Pennsylvania Democrat stresses need for bipartisanship in probe of Trump assassination attempts
Rep. Chrissy Houlahan (D-Pa.) said Sunday that it is critical for the bipartisan task force investigating the assassination attempts against former President Trump to work swiftly and in a bipartisan fashion.
“It's really important that this group works bipartisanly and quickly to be able to understand what happened, to be able to make sure that it doesn't happen again, and to your conversation with Senator Rubio, to make sure that we restore the faith and trust with the American people in the institutions such as law enforcement and the Congress,” Houlahan said on CBS News’s “Face the Nation,” referencing an earlier interview with the vice chair of the Senate Intelligence Committee, Sen. Marco Rubio (R-Fla.).
Houlahan was one of six Democrats and seven Republicans named to the bipartisan task force following the assassination attempt at a Trump rally in Butler, Pa.
In the recent interview, Houlahan said the task force was also looking into the most recent apparent assassination attempt against Trump, who was playing a round of golf at his course in West Palm Beach, Fla., when Secret Service agents noticed a man with a rifle poking through the perimeter of the golf course and fired shots at him.
The man fled before taking any shots, and he was arrested shortly after that and charged with two federal gun crimes: possession of a firearm as a convicted felon and using a weapon with obliterated serial numbers.
Houlahan said the task force has been "getting the answers that we've been asking for" as it proceeds in its probe of the incidents.

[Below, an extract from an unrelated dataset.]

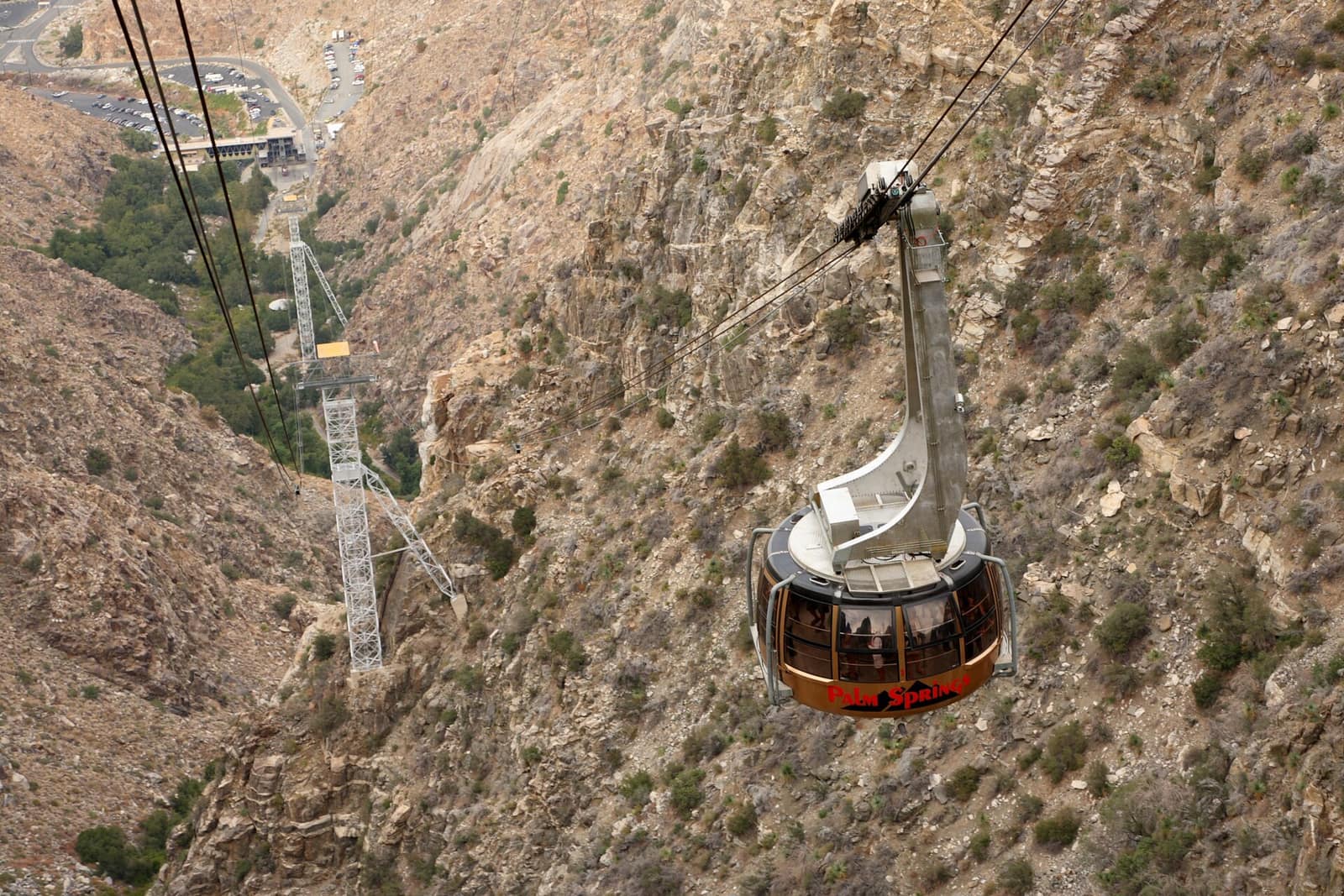 Palm Springs Aerial Tramway cable car ascending over rocky desert terrain above Chino Canyon, with the valley station visible below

“We have been asking for quite a lot out of both the Secret Service as well as local law enforcement. And I believe that the answers have been largely forthcoming,” Houlahan said.
“If for whatever reason they’re not, the good thing about this particular group is that we have subpoena authority to be able to make sure that we get the answers,” she added.
Houlahan noted the “enormous gaps” in Secret Service operations and communication, as outlined in the internal review findings released Friday, but said she believes the current leadership is focused on addressing the problems.
“These are very, very serious issues, and they have come up in our conversations and in the briefings that we've received, and there were some enormous gaps that you've mentioned, in terms of people texting information to each other rather than using the radio. In terms of people not even knowing that there were two command centers, there were huge gaps. And there were also some gaps, frankly, in kind of culture and people being relatively lax in the way that they communicated with one another, and all of these things have to be fixed,” she said about the report’s findings when asked whether she trusts the leadership.
“I do believe that the attention of the organization is fully on all of the different things that they can and should be doing to be to correct themselves,” Houlahan continued. “I think also the attention of Congress is on them as well to make sure they have the resources to be able to make those corrections too.”